> ACTIVITY: Scan the material for the word "Google", then return every line where it appears.
..........
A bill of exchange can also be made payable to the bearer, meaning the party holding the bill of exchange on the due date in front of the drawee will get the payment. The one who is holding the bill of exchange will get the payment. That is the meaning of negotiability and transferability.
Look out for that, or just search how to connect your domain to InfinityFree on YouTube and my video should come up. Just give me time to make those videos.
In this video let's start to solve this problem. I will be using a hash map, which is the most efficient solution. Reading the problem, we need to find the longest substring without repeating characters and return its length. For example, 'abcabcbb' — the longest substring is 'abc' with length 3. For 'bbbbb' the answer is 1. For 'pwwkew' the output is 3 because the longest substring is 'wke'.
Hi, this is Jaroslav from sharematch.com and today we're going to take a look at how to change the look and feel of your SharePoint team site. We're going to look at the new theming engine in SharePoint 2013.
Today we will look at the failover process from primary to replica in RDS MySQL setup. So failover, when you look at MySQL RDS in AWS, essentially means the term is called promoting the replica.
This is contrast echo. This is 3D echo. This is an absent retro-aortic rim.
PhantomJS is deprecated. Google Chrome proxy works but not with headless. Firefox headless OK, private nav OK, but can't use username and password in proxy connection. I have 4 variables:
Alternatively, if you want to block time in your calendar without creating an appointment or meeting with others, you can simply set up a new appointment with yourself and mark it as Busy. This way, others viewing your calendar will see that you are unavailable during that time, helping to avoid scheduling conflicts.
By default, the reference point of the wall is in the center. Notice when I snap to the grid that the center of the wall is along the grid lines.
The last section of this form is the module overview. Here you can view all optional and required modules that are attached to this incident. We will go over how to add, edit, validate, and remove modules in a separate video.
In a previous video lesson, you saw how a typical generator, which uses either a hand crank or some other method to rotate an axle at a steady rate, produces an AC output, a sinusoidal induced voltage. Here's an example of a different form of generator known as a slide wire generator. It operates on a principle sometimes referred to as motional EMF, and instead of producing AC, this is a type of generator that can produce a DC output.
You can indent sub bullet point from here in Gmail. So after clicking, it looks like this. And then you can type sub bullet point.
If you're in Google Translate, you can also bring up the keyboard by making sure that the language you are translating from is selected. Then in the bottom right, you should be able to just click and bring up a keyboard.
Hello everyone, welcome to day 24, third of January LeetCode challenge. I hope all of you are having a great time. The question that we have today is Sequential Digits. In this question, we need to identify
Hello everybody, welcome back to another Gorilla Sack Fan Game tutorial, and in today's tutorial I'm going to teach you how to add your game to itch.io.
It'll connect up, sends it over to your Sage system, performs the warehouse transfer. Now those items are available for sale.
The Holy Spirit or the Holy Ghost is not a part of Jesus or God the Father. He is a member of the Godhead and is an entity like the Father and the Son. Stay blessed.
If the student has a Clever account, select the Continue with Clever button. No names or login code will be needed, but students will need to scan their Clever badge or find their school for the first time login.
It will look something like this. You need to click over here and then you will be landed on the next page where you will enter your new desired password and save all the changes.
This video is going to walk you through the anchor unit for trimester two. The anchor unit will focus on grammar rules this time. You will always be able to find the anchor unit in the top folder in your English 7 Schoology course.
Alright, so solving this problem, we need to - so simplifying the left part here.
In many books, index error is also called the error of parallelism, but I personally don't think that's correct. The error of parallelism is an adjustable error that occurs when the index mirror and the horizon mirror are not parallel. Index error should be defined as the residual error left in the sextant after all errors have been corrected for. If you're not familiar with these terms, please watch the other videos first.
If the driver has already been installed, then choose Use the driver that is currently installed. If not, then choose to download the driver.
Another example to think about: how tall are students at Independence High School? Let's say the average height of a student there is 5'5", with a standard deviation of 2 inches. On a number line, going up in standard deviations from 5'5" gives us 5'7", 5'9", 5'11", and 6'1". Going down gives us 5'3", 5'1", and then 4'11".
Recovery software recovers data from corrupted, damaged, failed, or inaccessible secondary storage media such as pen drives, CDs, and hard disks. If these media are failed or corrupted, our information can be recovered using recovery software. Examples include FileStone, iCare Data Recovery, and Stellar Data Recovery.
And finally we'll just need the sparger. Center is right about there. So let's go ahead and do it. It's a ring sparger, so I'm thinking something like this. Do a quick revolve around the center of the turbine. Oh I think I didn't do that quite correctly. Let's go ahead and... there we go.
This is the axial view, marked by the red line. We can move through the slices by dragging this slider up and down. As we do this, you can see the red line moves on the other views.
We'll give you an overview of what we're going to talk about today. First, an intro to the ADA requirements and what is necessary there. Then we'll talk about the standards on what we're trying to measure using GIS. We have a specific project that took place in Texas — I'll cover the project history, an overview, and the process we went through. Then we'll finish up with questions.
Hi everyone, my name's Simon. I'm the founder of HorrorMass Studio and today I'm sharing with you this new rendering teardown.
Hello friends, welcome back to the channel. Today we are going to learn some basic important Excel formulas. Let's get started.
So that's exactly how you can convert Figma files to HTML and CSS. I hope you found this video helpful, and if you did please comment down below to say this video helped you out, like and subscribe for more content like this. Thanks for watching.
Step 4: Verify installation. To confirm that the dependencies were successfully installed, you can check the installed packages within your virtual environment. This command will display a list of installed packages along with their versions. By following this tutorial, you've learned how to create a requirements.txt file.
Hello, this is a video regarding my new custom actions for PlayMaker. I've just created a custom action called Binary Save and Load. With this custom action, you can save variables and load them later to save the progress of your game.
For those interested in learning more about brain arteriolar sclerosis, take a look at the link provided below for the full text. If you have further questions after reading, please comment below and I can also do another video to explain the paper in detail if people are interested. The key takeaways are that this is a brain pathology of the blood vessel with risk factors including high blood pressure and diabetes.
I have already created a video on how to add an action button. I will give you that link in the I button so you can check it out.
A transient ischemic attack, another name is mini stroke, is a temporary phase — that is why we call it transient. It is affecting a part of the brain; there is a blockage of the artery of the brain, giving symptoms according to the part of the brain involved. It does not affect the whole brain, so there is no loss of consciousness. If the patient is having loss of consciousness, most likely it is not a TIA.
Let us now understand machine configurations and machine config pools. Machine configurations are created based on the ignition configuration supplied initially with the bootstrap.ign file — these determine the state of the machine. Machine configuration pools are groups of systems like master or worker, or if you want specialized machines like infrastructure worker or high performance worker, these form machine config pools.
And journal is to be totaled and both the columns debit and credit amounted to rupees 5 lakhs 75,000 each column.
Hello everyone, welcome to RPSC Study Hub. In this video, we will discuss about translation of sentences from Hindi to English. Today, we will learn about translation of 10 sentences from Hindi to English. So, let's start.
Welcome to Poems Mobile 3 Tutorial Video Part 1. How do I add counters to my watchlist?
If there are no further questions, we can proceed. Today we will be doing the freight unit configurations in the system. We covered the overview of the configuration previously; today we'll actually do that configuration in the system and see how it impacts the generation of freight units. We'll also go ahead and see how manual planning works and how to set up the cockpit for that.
..........
> RESULT BELOW:
PhantomJS is deprecated. Google Chrome proxy works but not with headless. Firefox headless OK, private nav OK, but can't use username and password in proxy connection. I have 4 variables:
If you're in Google Translate, you can also bring up the keyboard by making sure that the language you are translating from is selected. Then in the bottom right, you should be able to just click and bring up a keyboard.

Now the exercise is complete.